Microfluidic approach for controlled ultraviolet treatment of colored and fluorescent dissolved organic matter.

Abstract

Using microfluidic systems to address the optical properties of Colored and Fluorescent Dissolved Organic Matter (CDOM/FDOM) offers new ways for researching its interactions with the environment, and its response to rapid, as well as extreme, changes of abiotic conditions. Here we present a microfluidic device with an Ultraviolet (UV) component. The manufactured microfluidic device consists of passing a dissolved organic matter sample through a microchannel applying a combination of treatments using different UV wavelengths and exposure times.

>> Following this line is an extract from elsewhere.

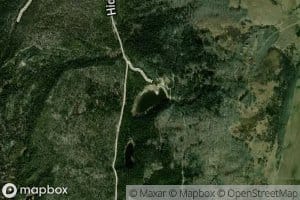 Stambaugh Reservoir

Here we test the workability of the microdevice by analyzing the effect of UV light on CDOM and FDOM, using as irradiations UVA and UVB to incite photodegradation, over different times. We then compare the absorbance and fluorescence, measured from both treated and non-treated samples. The analysis of the measurements is done by the calculation of the slope ratio, as indicative of molecular weight and dissolved organic carbon, besides the fluorescence humification index (HIX) as an overview of the difference between treated and non-treated of the excitation-emission matrices (EEMs). Our results show the efficiency of the microdevice by demonstrating a direct relation of degradation degree with exposure time. FDOM exposure to UVB shows a possible relation to humic-like fluorophores intensity, shown in HIX and the overview difference. Furthermore, the changes showed in the slope ratio demonstrate photodegradation in all treatments, with UVB exhibiting an increased influence. The combination of microfluidic sample treatment within in situ applications of optical sensors will enhance our capacities in addressing biogeochemical processes in the marine environment, which were not accessible with conventional bulk methods.